Hargreaves Lansdown Wealth 50
The polarising Wealth 50 promoted funds list is a highly influential list of Hargreaves Lansdown’s favourite funds which they recommend to their base of 1,136,000 clients. Originally called the Wealth 150 it was replaced at the start of 2019 with the more condensed Wealth 50 list.
Explaining this more condensed list Hargreaves Lansdown’s research director Mark Dampier said that 90% of the more than 2500 unit trusts and other investment funds available to the public were “rubbish” with Hargreaves Lansdown believing very few funds are worth recommending.
However, after the Woodford Equity Income fund suspension, greater emphasis was placed on Hargreaves Lansdown’s Wealth 50 with MP Nicky Morgan asking them to explain their selection process. In response, Hargreaves Lansdown said the selection process for their Wealth 50 list includes, a qualitative analysis of the manager’s process, philosophy, team support, incentivisation and portfolio construction. As well as, conducting more than 175 fund manager meetings a year.
Despite their selection process Hargreaves Lansdown have included both the Woodford Equity Income and Woodford Income Focus funds since their inception. These funds remained in the Wealth 50 list until 4th June 2019, when they were both removed after Woodford’s Equity Income fund was suspended.
Both of these funds have consistently performed at the bottom of their sectors and had demonstrated little prospect of recovery in the foreseeable future Neil Woodford himself warned in February 2018 to expect continued underperformance from his funds when he said, "We should all expect the environment to remain as challenging for the Woodford funds, as it has been since early summer last year.”
Regulator Concerns Over Recommended Fund Lists
When assessing the drivers for a recommendation of funds, the FCA found that funds affiliated with the platform are “significantly more likely to be added to the recommendation list than non-affiliated funds” while at the same time “are less likely to be deleted from recommendation lists”. The study also found that “recommended funds share a higher proportion of their revenues with the platforms than non-recommended funds”.
It is not just the regulator that has been critical of how these funds are selected. Terry Smith, a respected fund manager and founder of investment firm Fundsmith, recently voiced concerns over how Hargreaves Lansdown selects its recommended funds.
Smith was quoted in the Times as saying, “recommended funds continue to be chosen mainly for fund managers’ willingness to comply with a charging structure which enables Hargreaves Lansdown to maximise its own profitability, and not because they perform well for investors”.
Heavy Losses For Investors
Anyone who invested £10,000 into Woodford Equity Income after it was controversially included in a Hargreaves Wealth 50 recommended funds list in January 2019 would have suffered losses of £1,214 after just 150 days.
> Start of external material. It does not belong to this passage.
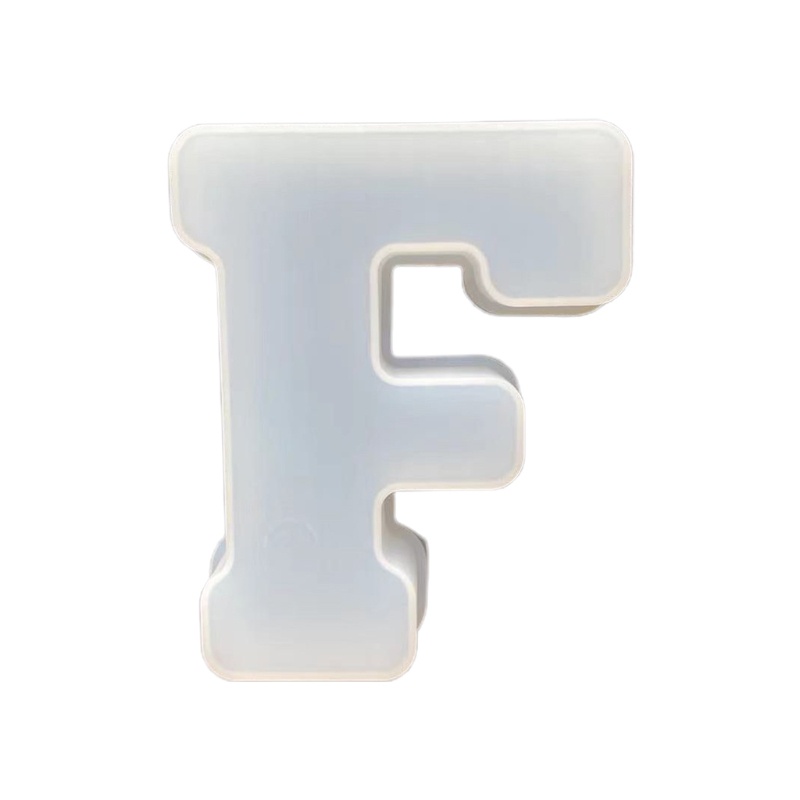 Khuôn Silicone Làm Trang Sức Hình 26 Chữ Cái Tiếng Anh Diy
In contrast, Hargreaves Lansdown is estimated to have raked in an estimated £2.5m of fees on its clients’ investment in Woodford Equity Income since its Wealth 50 list was published on 9th January.
Although the Woodford Equity Income fund’s future is in jeopardy with the fund suspended upon sustained outflows from investors, it has earned both Woodford Investment Management and Hargreaves Lansdown significant fee revenue, particularly in the first years of the funds as unparalleled interest saw it amass funds under management of more than £10 billion in its first year.
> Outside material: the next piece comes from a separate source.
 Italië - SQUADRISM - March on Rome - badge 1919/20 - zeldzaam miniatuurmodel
Ultimately, the relationship between Woodford and Hargreaves has earned both sizeable fee income, but for investors, many of whom have stuck by Woodford on the recommendation of the Wealth 50, it has been the opposite. Over the recent 2 years, the Woodford Equity Income fund has returned huge losses of -31.35%. The LF Woodford Income Focus fund hasn’t fared much better, since its launch on 12th April 2017, it has returned losses of -22.42%.